The next week I loaded up my paperwork, my flybox, my computer, and headed to the bus rank. It took three requests to find the entrance, which was ‘down there’ ‘that side’ ‘go (direction of pointed finger).’ In other words, very well hidden from the main road despite the fact that the building takes up a whole block with ORANGE all over it…
Once I found the entrance and explained my problem I was directed to the ‘service area’ ‘that side.’ Inside the door I had to give them my passport number and sign in before I was allowed to sit on a bench inside the office and watch men eating at their desks and texting on their phones. Finally I was called to sit in a chair next to one of the men who proceeded, after I explained my problem, to ‘test’ my flybox. He plugged it into one of their computers, then sat texting for 5 minutes. Once again, my inner ugly American began to surface. “Is there a problem?” I asked. “I need to test the speed,” he said, and began telling me I should take the box home and run the test, call him and tell him what the speed was. I tried to quietly explain to him that this was not my job. “But I need to tell the engineers what is wrong,” he said. I may not have been as quiet when I told him I was not asking him to come home and do my job.
“Where do you stay?” he asked. (stay=live in Botswana) I told him I ‘stay’ in Kopong. “You are the only one in Kopong to complain,” he said. It took me a minute to recover from that. How could he know I was the only one? And so what? I explained that I use the flybox in a number of different places, that I travel with it. “I need this for my work,” I said, “I am a writer and I need to send my stories in.” This is sort of true. I am a writer, but I’m not sending all that many stories anywhere… “What do you write about?” he said. “I write about companies and how bad their service is.” It just came out. I couldn’t stop myself.

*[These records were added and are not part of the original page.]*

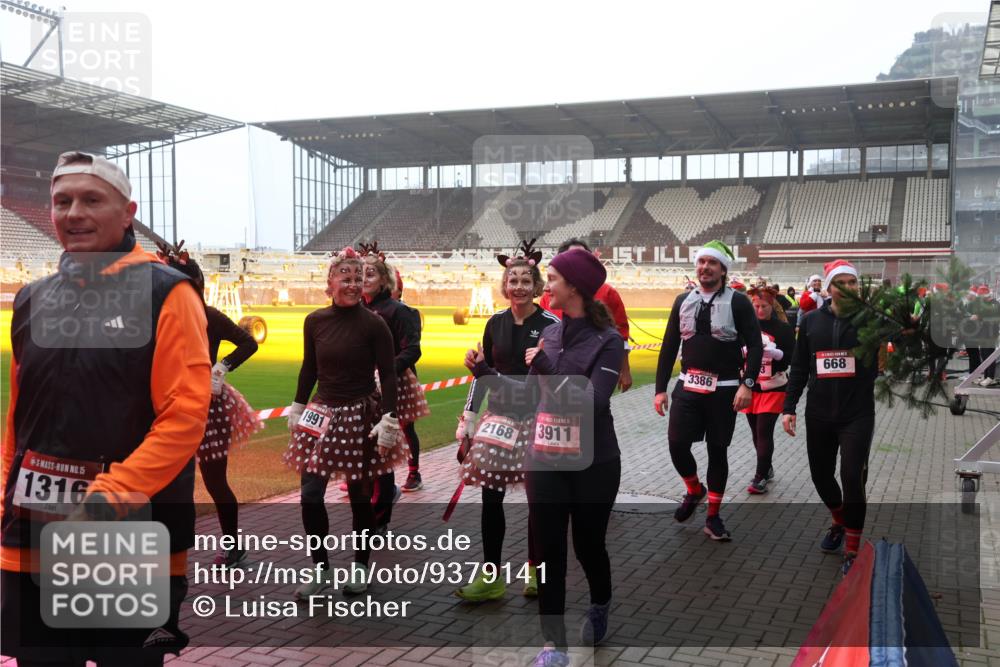 07.12.2025 - St. Pauli X-Mass-Run No. 15 Luisa Fischer http://msf.ph/oto/9379141 07.12.2025 10:06:06 Ziel 15, 1316, 1991, 2168, 3911, 3386, 668, 2, 3, 54, 114, 123, 363, 385, 424, 512, 543, 668, 676, 805, 834, 945, 950, 1121, 1215, 1222, 1316, 1374, 1481, 1661, 1761, 1789, 1791, 2756, 2757, 3186, 3231, 3386, 3857, 3877, 4036, 4194, 4195, 4552, 4555, 4556, 4558, 4559, 4560 meine-sportfotos.de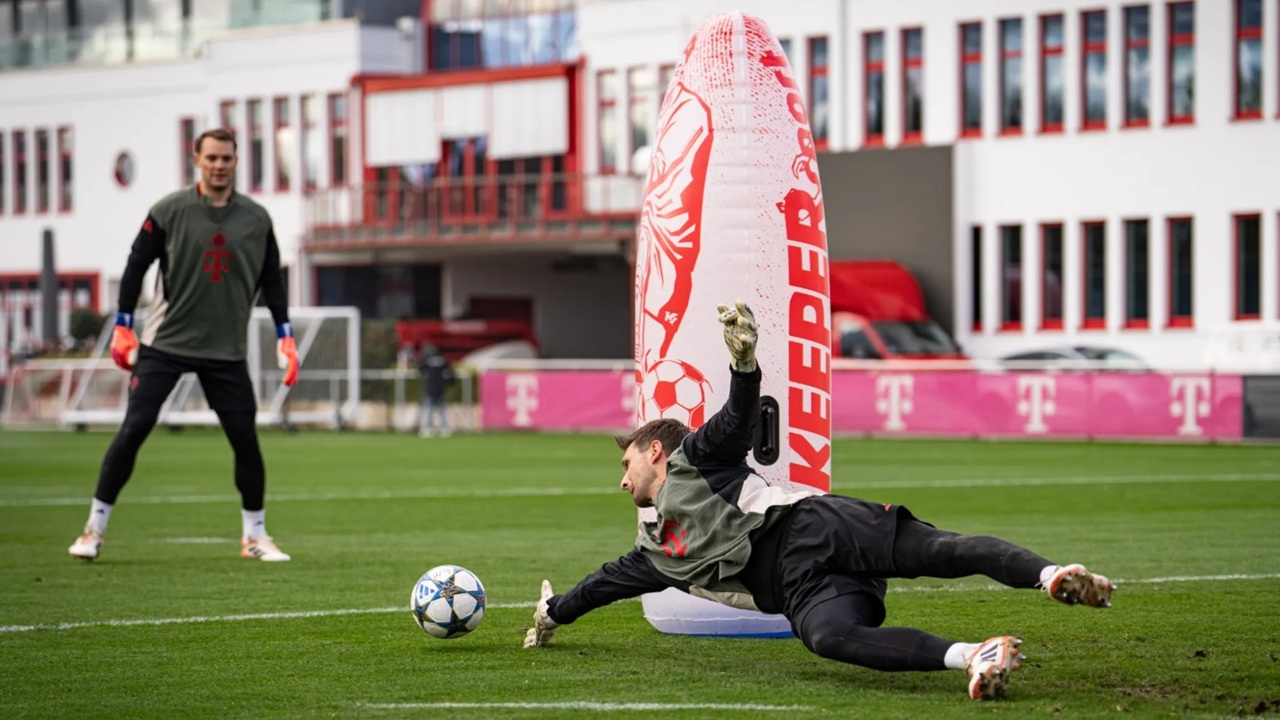 Bayern Krisis Kiper, Kompany Pastikan Sven Ulreich Tampil Lawan Leverkusen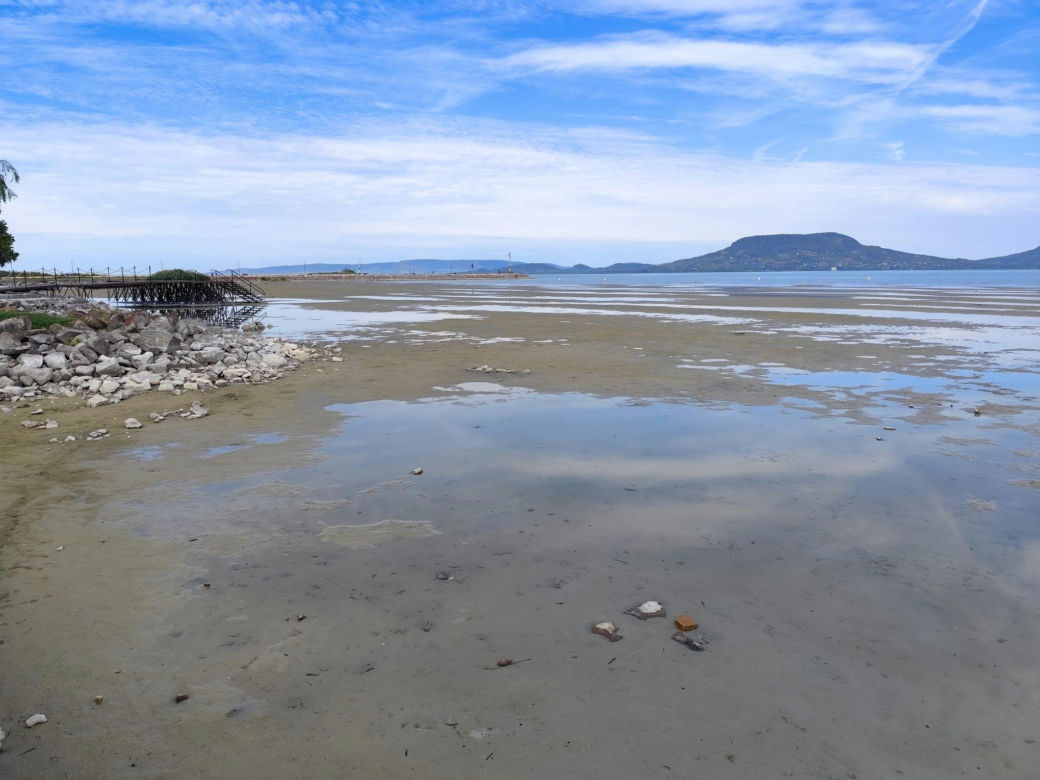 Balaton wysycha i zamienia się w kałużę. Potężne jezioro odsłoniło dno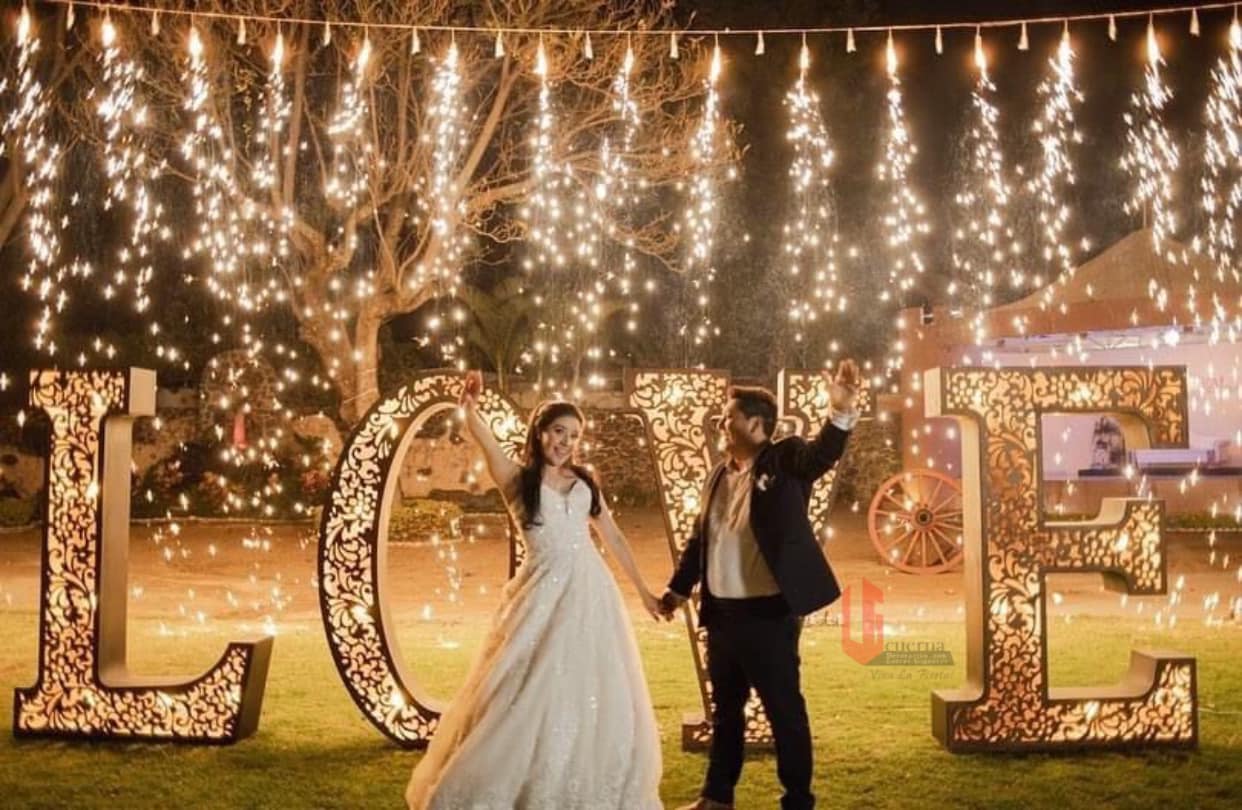 Letras gigantes LOVE en una boda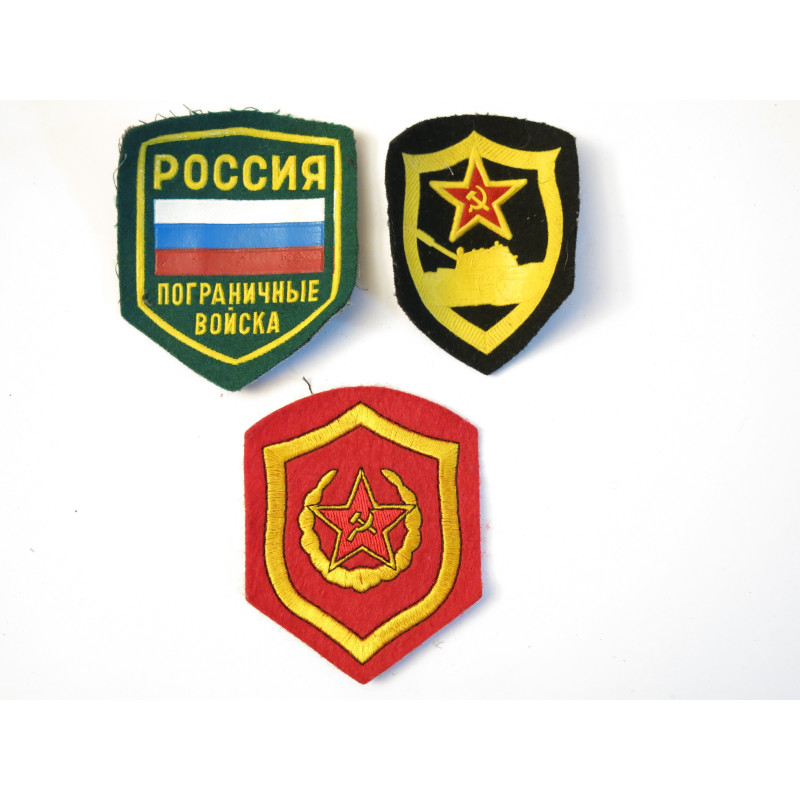 Lot de 3 insignes tissus Russe ref r1 bo ru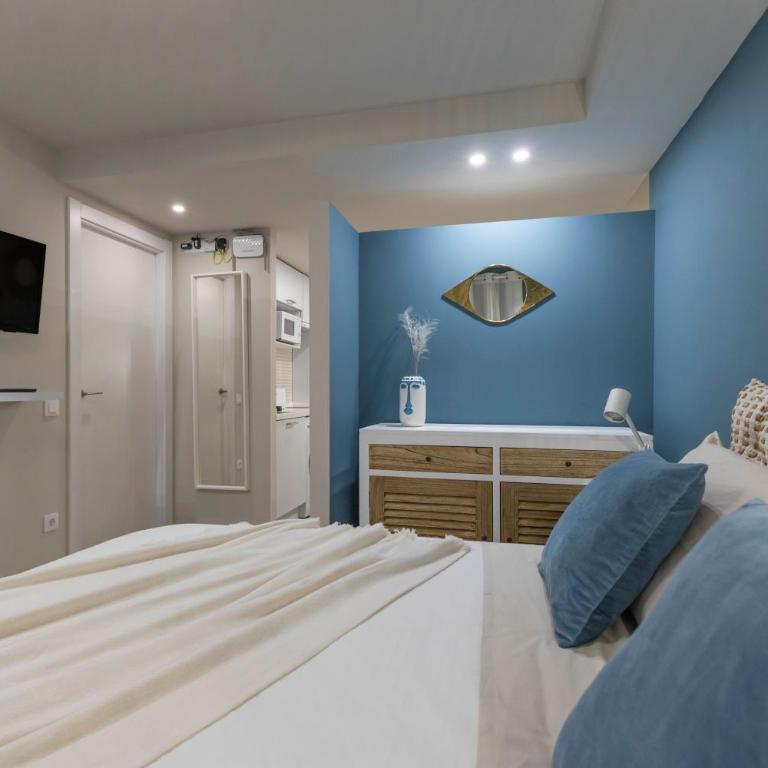 Exclusive Design Loft with air-conditioning 7 minutes from the beach - One-Bedroom Apartment - 14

The power of the press—he then began calling people and setting up for me to get a new flybox. First he wanted to know if I had kept the box it had come in—eight months ago. Why? I asked. “We need to see the serial number on the box to be sure you have the right one.” I pointed out the serial number on the contract I had in hand. That seemed to confuse him, but a couple of phone calls later he smiled and said I could get a flybox if I gave him mine and waited a couple of days for one to come from the warehouse. I began to laugh. As I often say about life here, It’s a Monty Python sketch that isn’t working. I told him once again that NO, I was not handing over my flybox until someone handed me a new one. Well, then, it seemed the only thing I could do was go to the Main Mall (the other side of the city) to their main store and start there.
I have work to do I said. I have a job. I can’t run all over your country. I paid for internet connection, it is your job to provide internet connection. He really wanted to make me happy, he said. I could see where this was going…
Okay, I said, packing up my flybox, my computer, my paperwork, and my exhausted self. Go Siame. I will go to Main Mall.
That was a week ago. I did indeed have work to do. I do indeed have a job. Right now I’m resting up and doing my meditation in preparation for my next visit to customer ‘service.’